Somut olayda; davacı 27.06.2007- 13.10.2010 tarihleri arasında davalı şirkette operatör olarak çalışmıştır. Davalı ... Teknik İnş.Tem. Peyz. İnsan Kayn.San.Tic. Ltd. Şti. ile ... Belediye Başkanlığı arasında imzalanmış hizmet alım sözleşmeleri mevcuttur. Söz konusu ihale edilen yol bakım ve onarım işi 5393 Sayılı Belediye Kanunu m.67 uyarınca geçerlidir. Asıl işveren olan davalı Belediye’nin işin yürütümü sırasında gözetim yetkisi dahilinde talimat verebilmesi olağan karşılanmalıdır. Buna göre davalılar arasındaki asıl işveren-alt işveren ilişkisinin kanuna uygun şekilde kurulduğu, muvazaaya dayanmadığı anlaşılmaktadır. Öte yandan davacının iş sözleşmesinin yazılı fesih bildirimi yapılmadan 4857 sayılı Kanun"un 19. maddesindeki şekle aykırı olarak feshedildiği sabittir. Bu nedenle davacı davalı şirkete ait işyerine iade edilmeli, mali sonuçlardan ise davalıların birlikte sorumluluğuna karar verilmelidir.

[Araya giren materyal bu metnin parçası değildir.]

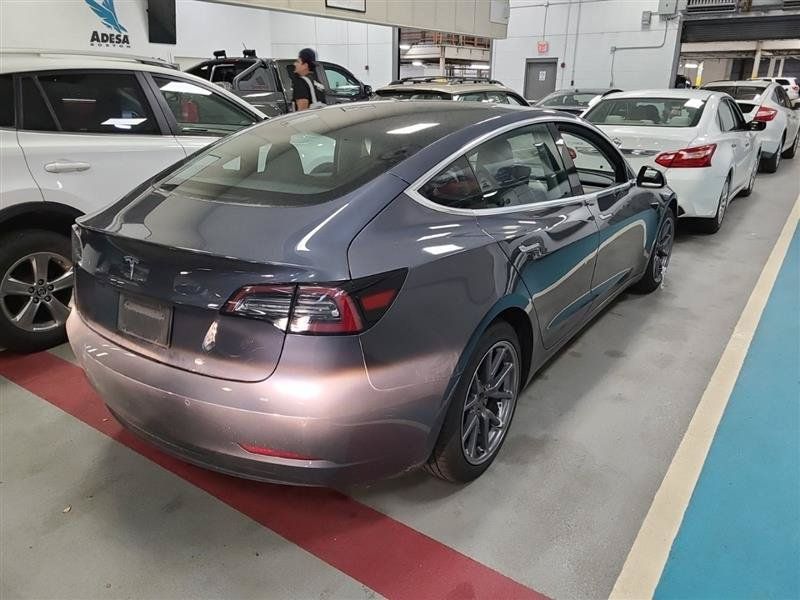 Used 2020 Tesla Model 3 Standard Range Plus RWD image 8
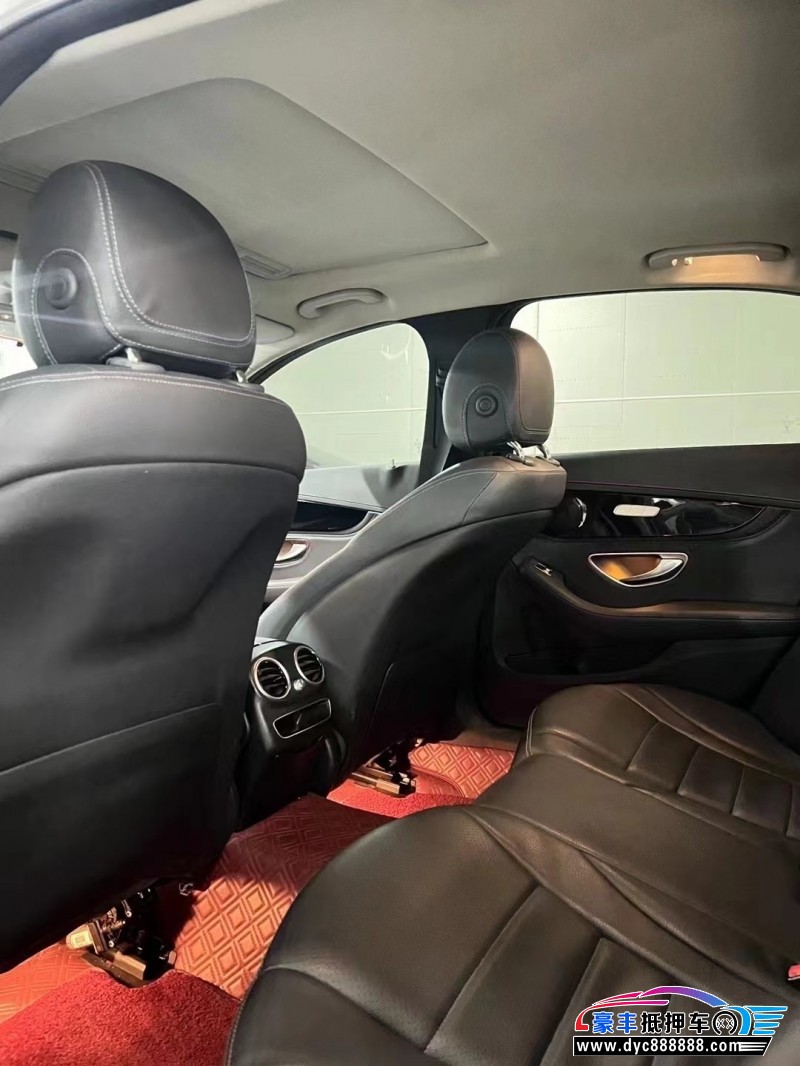 20年奔驰C轿车抵押车出售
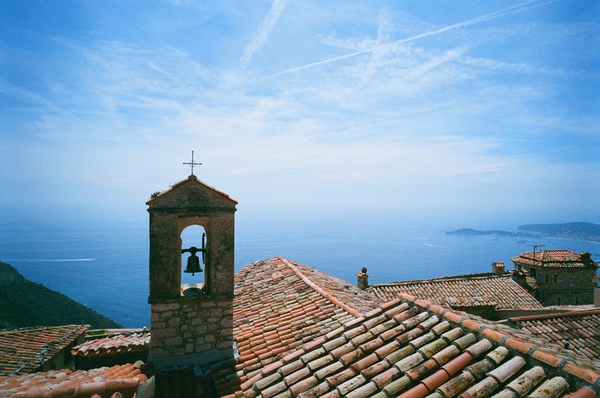 EZE - 12.jpg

4857 sayılı Kanun’un 20. maddesinin 3. fıkrası uyarınca, hükmün bozulmak suretiyle ortadan kaldırılması ve aşağıdaki gibi karar verilmesi gerekmiştir.
F) Sonuç:
HÜKÜM:
Yukarda açıklanan gerekçe ile;
1- Mahkemenin kararının BOZULARAK ORTADAN KALDIRILMASINA,
2-İşverence yapılan FESHİN GEÇERSİZLİĞİNE VE DAVACININ DAVALI ... TEKNİK İNŞ. TEM. PEYZ. İNSAN KAYN. SAN. TİC.LTD. ŞTİ."NE AİT İŞYERİNDEKİ İŞİNE İADESİNE,
3- Davacının yasal sürede işe başvurmasına rağmen, işverenin süresi içinde işe başlatmaması halinde davalılar tarafından müştereken ve müteselsilen ödenmesi gereken tazminat miktarının fesih nedeni ve kıdemi dikkate alınarak dört aylık ücreti olarak belirlenmesine,
4-Davacının işe iade için işverene süresi içinde başvurması halinde hak kazanılacak olan ve kararın kesinleşmesine kadar doğmuş bulunan en çok dört aylık ücret ve diğer haklarının davalılardan müştereken ve müteselsilen alınarak davacıya ödenmesi gerektiğinin belirlenmesine, davacının işe başlatılması halinde varsa ödenen ihbar ve kıdem tazminatının bu alacaktan mahsubuna,
5-Harç peşin alındığından yeniden alınmasına yer olmadığına,
6-Davacı vekille temsil edildiğinden, karar tarihinde yürürlükte olan tarifeye göre 1.320 TL vekâlet ücretinin davalılardan alınıp davacıya verilmesine,
7-Davacı tarafından yapılan 483.75 TL yargılama giderinin davalılardan alınıp davacıya verilmesine, davalının yaptığı yargılama giderinin üzerinde bırakılmasına,
8-Peşin alınan temyiz harcının istek halinde ilgiliye iadesine, kesin olarak, oybirliğiyle 21.03.2013 tarihinde karar verildi.